I should say that this is a serious issue for Indic scripts (eg, Devanagari etc). In these scripts, ZWJ is used following a halant (virama) between two consonants, to block the formation of a conjunct form. In Devanagari this generally results in a half-form of the 1st consonant. [See the section "Explicit Half-Consonants" in chapter 12 of the Unicode Standard.] Breaking the line there leaves a half-character at the end of the line, which is invalid. So until this is fixed we have to revert to LO 126.96.36.199 or use another editor.
(In reply to Eyal Rozenberg from comment #13)

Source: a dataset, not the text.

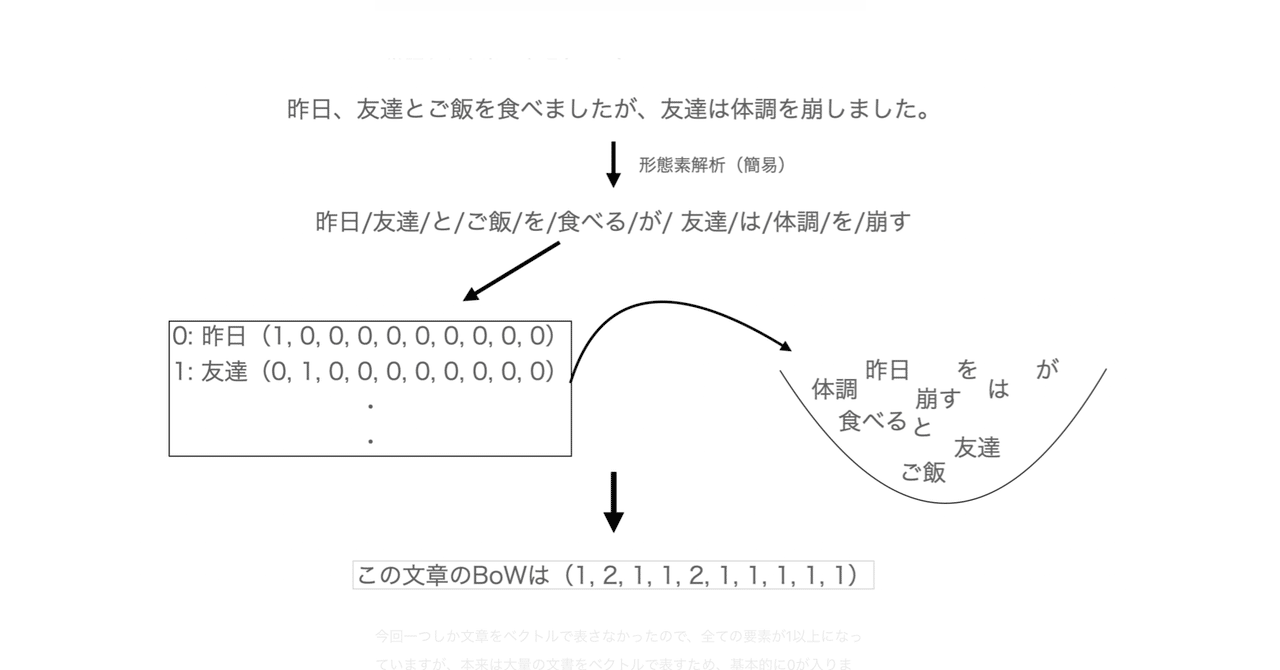 Embers of Autoregression: Understanding Large Language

> Even though I haven't managed to get the Sample ODT to display the intended
> glyphs, this bug still manifests - assuming that the gray lines between
> characters are ZWJ's. Tested with:
> Version: 188.8.131.52
> Build ID: 5d19a1bfa650b796764388cd8b33a5af1f5baa1b
> CPU threads: 4; OS: Linux 4.15; UI render: default; VCL: gtk2;
> Locale: en-GB (en_GB.UTF-8); Calc: group threaded
This file is using Abkai Xanyan fonts to render the text, you can get the fonts from here before you reproduce with sample ODT:
(In reply to ssmithg1 from comment #14)
> In response to Comment 11, this worked fine in LO 184.108.40.206 but is broken in
> 220.127.116.11, so the culprit is somewhere between those two versions, in case
> that helps.
> I should say that this is a serious issue for Indic scripts (eg, Devanagari
> etc). In these scripts, ZWJ is used following a halant (virama) between two
> consonants, to block the formation of a conjunct form. In Devanagari this
> generally results in a half-form of the 1st consonant. [See the section
> "Explicit Half-Consonants" in chapter 12 of the Unicode Standard.] Breaking
> the line there leaves a half-character at the end of the line, which is
> invalid. So until this is fixed we have to revert to LO 18.104.22.168 or use
> another editor.
So it seems to me that LibreOffice have something missing, or some specific Unicode properties doesn’t properly handled after new text layout backend is introduced in 5.3.